MySQL Performance for More Data than Memory

In a previous post I looked at the performance hit you get in MongoDB when the working set is larger than the memory available. I thought I'd have a look to see how MySQL fares under similar conditions.

The experiment was very similar experiment to the experiment for MongoDB.

Setup

MySQL server: A large Amazon RDS instance. I chose this as RDS is very well configured for MySQL. I'm more interested in how performance changes so don't want to spend time on configuration.

MySQL client: An EC2 small instance.

Code: up on github.

Test

The test will involve inserting X documents to MySQL with the following structure:

key: n (where n is 0, 1, ... X - 1) text: 'Mary had a little lamb. ' x 100 There will be an index on key to prevent full scans of the data.

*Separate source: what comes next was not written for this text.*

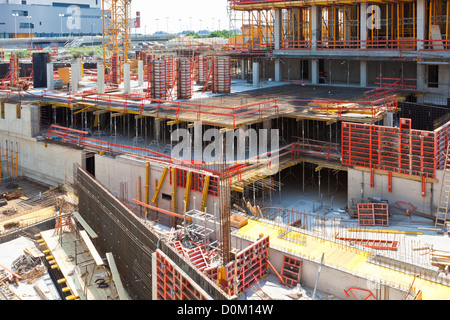 Moderno edificio sito in costruzione. Inquadratura orizzontale Foto Stock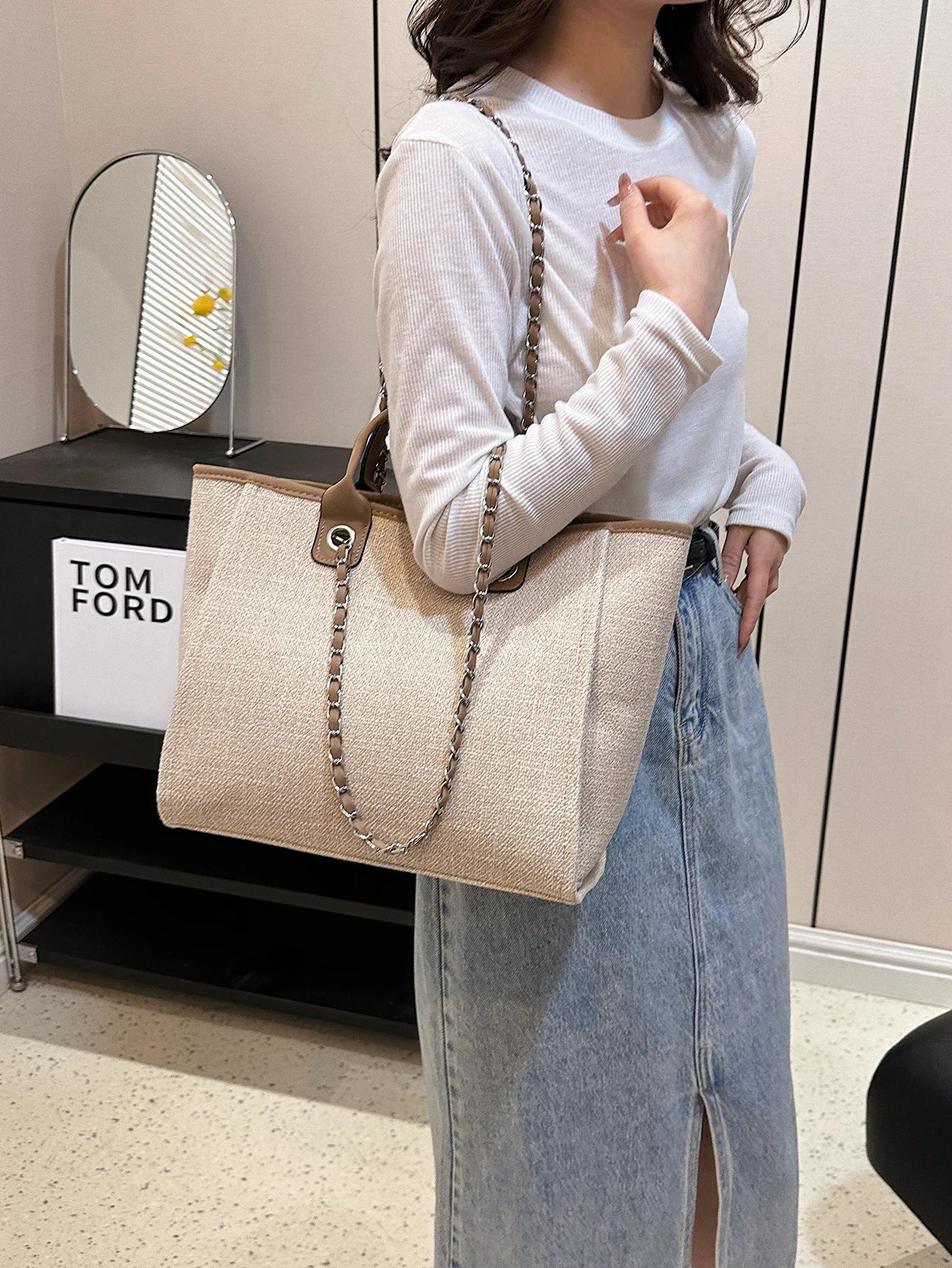 CANVAS CHAIN TOTE – LARGE CAPACITY COMMUTER BAG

After the insert there will be 30,000 reads with random keys.

The expectation is that when the data set gets too large to fit in memory the random reads will become very slow. This will be due to the data no longer fitting in memory.

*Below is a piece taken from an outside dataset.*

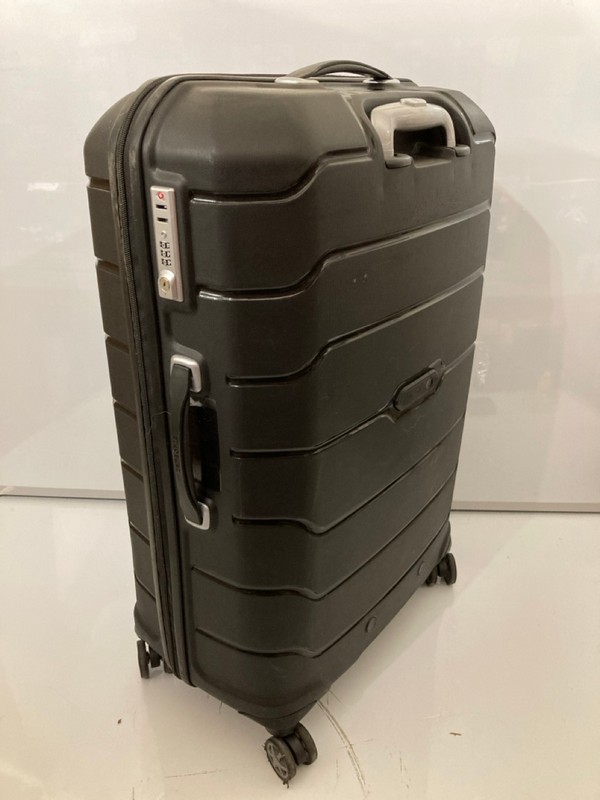 Lot 56  
            Nottingham SR7 – Delivery Only 

                
SAMSONITE FLUX-SPINNER 75/28 BLACK SUITCASE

When this thrashing of the disk starts happening it will be interesting to see what happens when a subset of the dataset is read from. To investigate this a further test will be run that:

99% of the time - reads from a random key chosen from only Y% of the keys 1% of the time - reads from any key chosen from the entire dataset The expectation here is that for small Y the performance will be similar to when the entire data set is in memory - as the pages that contain the subset of data will be in memory already and not need to read from disk.

Results

A result spreadsheet is available here (Google Doc).

The interesting part is when you reach 10,000,000 keys and start reading from subsets:

    Focus (%)  Read 1 (s)  Read 2 (s)  Read 3 (s)
      100        172.35      135.02      154.77
       10        124.70       95.48       77.29
        1         32.58       24.46       22.59
For comparison, the reads for a database with only 10,000 keys average out to 20.5s.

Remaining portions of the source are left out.